Your whole plan comes tumbling down before you even get out of the gate.
If this is you, don’t get discouraged or feel ashamed. This is waaaay more common than you think. In fact, getting your budget off the ground is one of the hardest parts of fixing your finances. But, if you can just make it through that first month or two, if you can just play catch-up and get ahead, you’ll be setting yourself up for a lifetime of financial fitness.
But, how do you do that when you’re already behind? How do you get ahead for that very first month?
That’s exactly the question our reader Jennifer posed to me the other day. Here’s what she asked:
At this moment, we are behind on everything… as in everything. I really think that a budget will work for us, and we will be making one. However, how do people go about catching up so that the budget can work? For example, I’ve made a few budgets for us in the past… The budget will look pretty good, and it never fails that I will look at it and say to myself “this is so doable, but oh snap!, there’s this, this, this, and this that we HAVE to pay this week or this or that will get cut off or repoed!” So that first week of the beautiful budget I’ve just created goes out the window! In other words, we are in a perpetual state of “playing catch up” or worse yet “robbing peter to pay Paul”. How do we end that cycle of being in constant crisis mode and be able to actually begin using the budget??????
Great question Jennifer, and it’s one I’m sure many of our other readers have. So, let’s dig in!
Budgeting When You’re Behind
If you’re behind on your bills, you don’t need me to tell you how bad it sucks. If you’re making a budget and still struggling, it can be totally demoralizing.
But that doesn’t mean you should swear off budgeting! Actually, you need to do the opposite: Cling to that budget for dear life… just make it better!
Falling behind almost always means one of two things are happening:
- You have an income crisis. – This means that you don’t make enough money to cover your basic living expenses. In many cases, an income crisis is the result a sudden loss of income – like losing a job. Out of the two issues listed, an income crisis is harder to fix. The best solution is to cut your expenses as much as possible and look for ways to bring in more money (a new job, side hustle, part-time work, etc.).
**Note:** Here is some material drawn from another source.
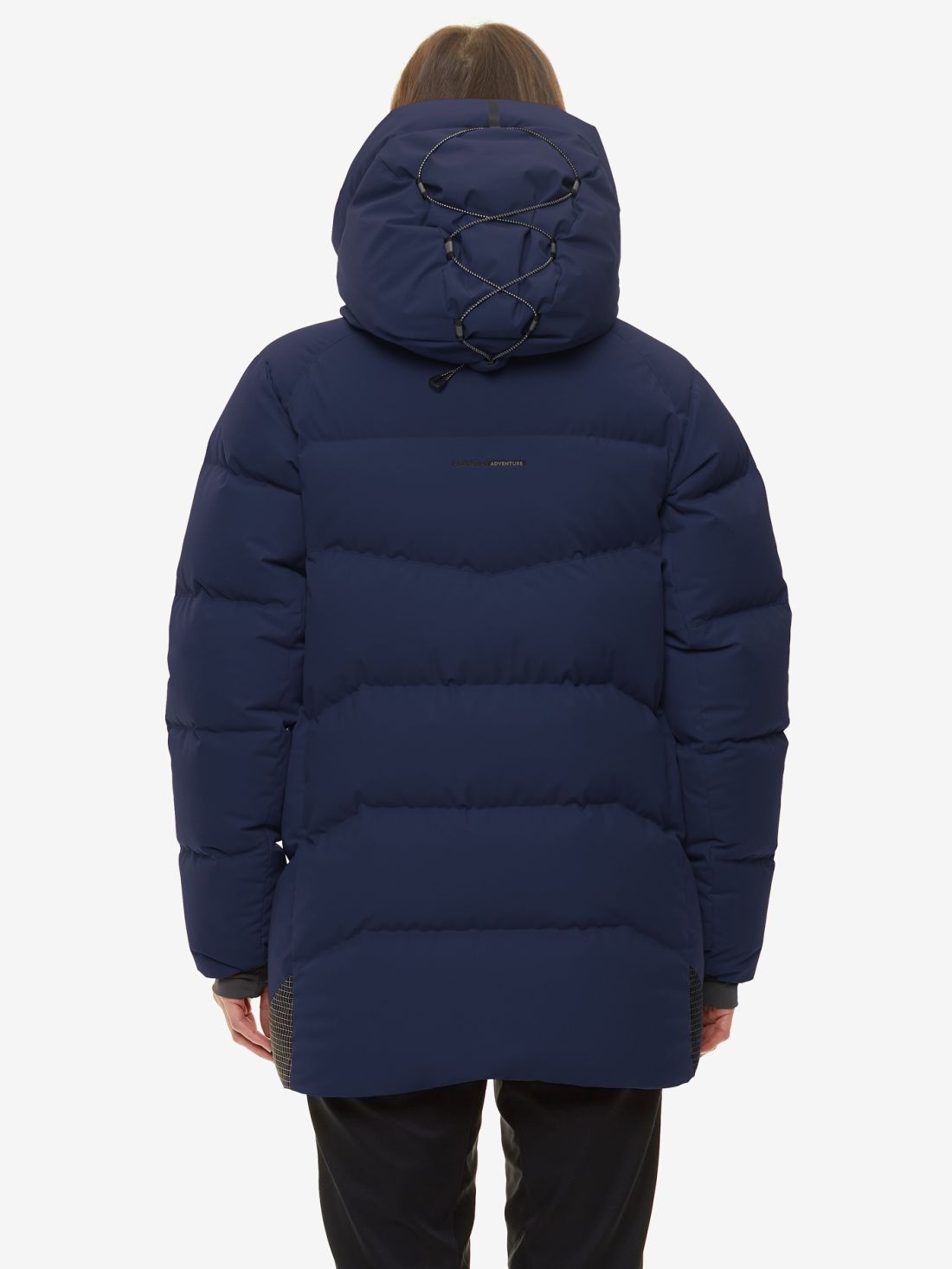 Bask Куртка женская пуховая Bask Tierra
You can learn more about surviving an income crisis here.
- You have a leaky budget. – More commonly, the cause of your pain is probably a leaky budget. In Jennifer’s case, as with the majority of people, her household income is greater than their expenses. That means, she is falling behind because her budget is leaky. This could be the result of budgeting errors, conscious or unconscious overspending, living at or beyond their means, or not budgeting at all. Luckily, this stuff all calls for a relatively simple fix.
Now, none of this is something to fear or be ashamed of. We simply want to identify the problem, be honest about what it is, and then use that information to fix our situation. How do we do that? Keep on reading…
How to Find the Holes in Your Budget
The first step to plugging a leak in your budget is to find out where the holes are. You need to know where the money you already have is going. In Jennifer’s case, that means taking a look at the data. She should be able to easily find the problem by tracking her spending.
Tracking your spending is exactly what it sounds like: You track and account for each and every penny you spend during the month. This can be as simple as grabbing a sheet of paper and writing it down.
Seriously, just take a piece of notebook paper and draw a line down the middle. On the left side, title the column “Expense.” On the right side, title the column “Amount.” Then, jot down the amount of everything you buy throughout the month.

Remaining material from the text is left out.